The hypothesis that sleep and immune responses are linked was originally postulated by the Greek philosopher Aristotle, and is based on the observation that sickness is coupled with sleepiness behaviour, evolutionarily conserved to ensure host defence against infection or injury, and is supported by the evidence that inflammatory cytokines influence restorative sleep.² While the interplay between sleep and cardiovascular health has been already highlighted, the role played by immune mechanisms in their mutual interaction is still object of investigation. Of note, sleep disturbances have been associated with increased incidence of myocardial infarction (MI) in humans³ and leucocyte-driven atherosclerosis in experimental mice,⁴ suggesting the existence of a sleep-mediated neuro-immune axis that oversees cardiovascular health.

Healthy sleep controls the activity of the autonomic nervous system, one of the branches of the peripheral nervous system, which in turn is organized into the sympathetic and parasympathetic systems, responsible for the so-called ‘flight or fight’ and ‘rest and digest’ responses respectively, with a shift from sympathetic to parasympathetic outflow during the night.
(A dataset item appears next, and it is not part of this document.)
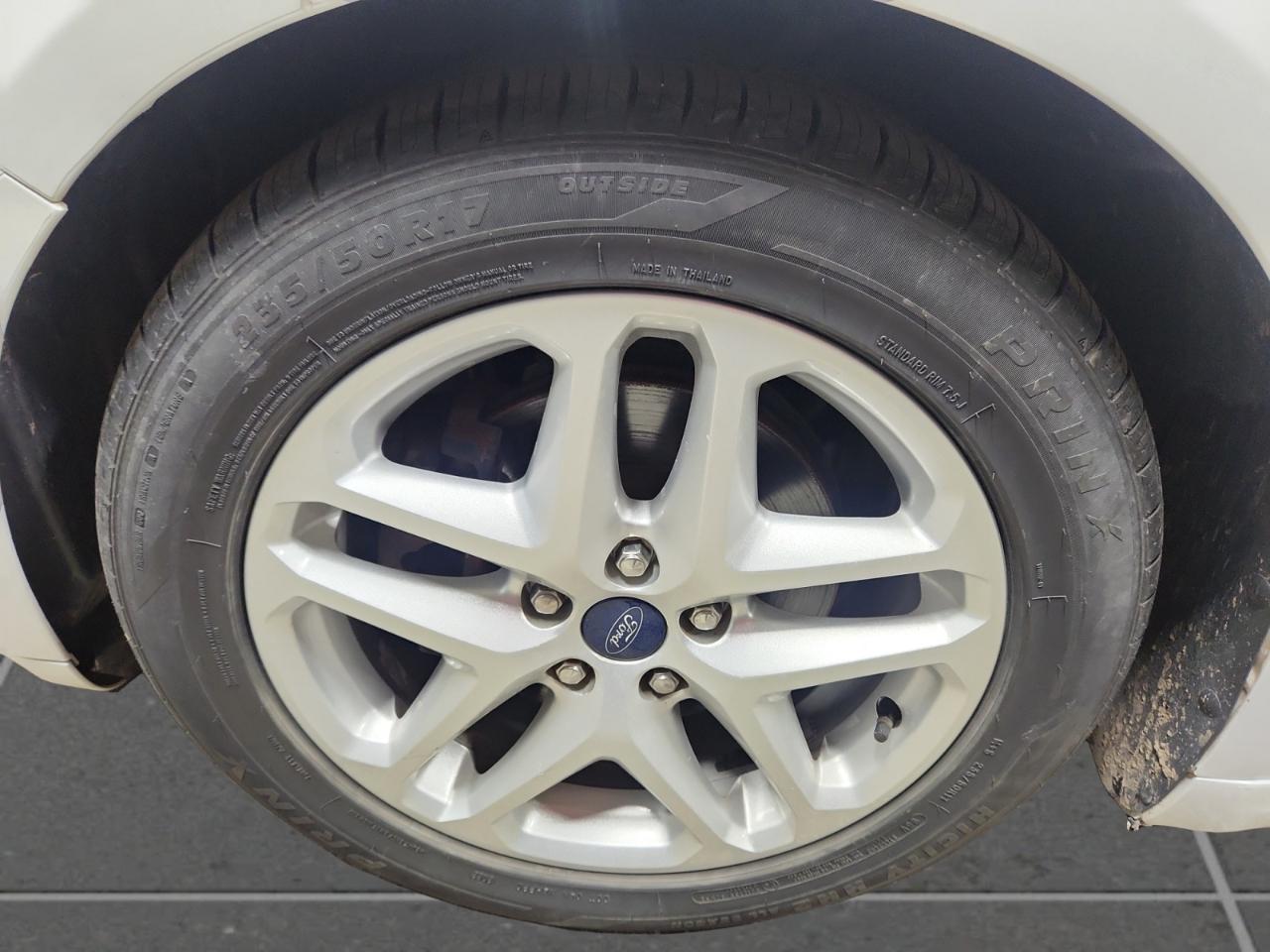 Ford Fusion SE 2016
Inadequate sleep has been associated with increased sympathetic activity due to the loss of its nocturnal dip, leading to enhanced noradrenaline signalling through the β-adrenergic receptor that leads to pro-inflammatory responses.¹

Both sympathetic and parasympathetic systems play a determinant role in neuro-immuno-cardiovascular interactions. Whereas the heart is reached by both sympathetic and parasympathetic innervation, sympathetic chains are the dominant routes of neural control of immune organs.⁵ In this way, the brain communicates with the cardiovascular system by direct neural connections and indirect neural modulation of immune response, both critically involved in cardiovascular diseases.
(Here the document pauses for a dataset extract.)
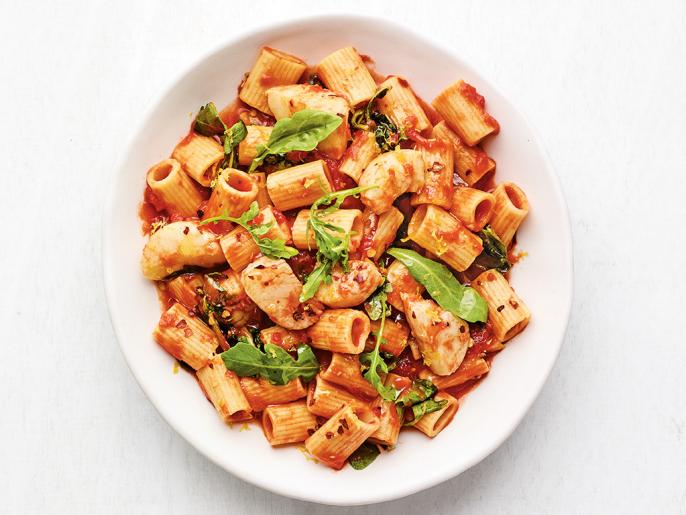 Mezzi Rigatoni with Tomatoes, Scallops and Arugula Recipe Food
A well-defined example of such neuro-immune interaction in cardiovascular pathology comes from studies in hypertensive mice where it was shown that stimuli like Angiotensin II and DOCA-salt, recruit the cholinergic reflex to increase the splenic sympathetic outflow and consequent T cell activation and egression that rise blood pressure.^6,7 The spleen, in addition, acts as a reservoir of monocyte whose release after angiotensin stimulation is triggered following MI and could contribute to cardiac damage.⁸

However, it remains unanswered whether the brain and heart reciprocally communicate to trigger neuro-immune activation and modulate sleep behaviour.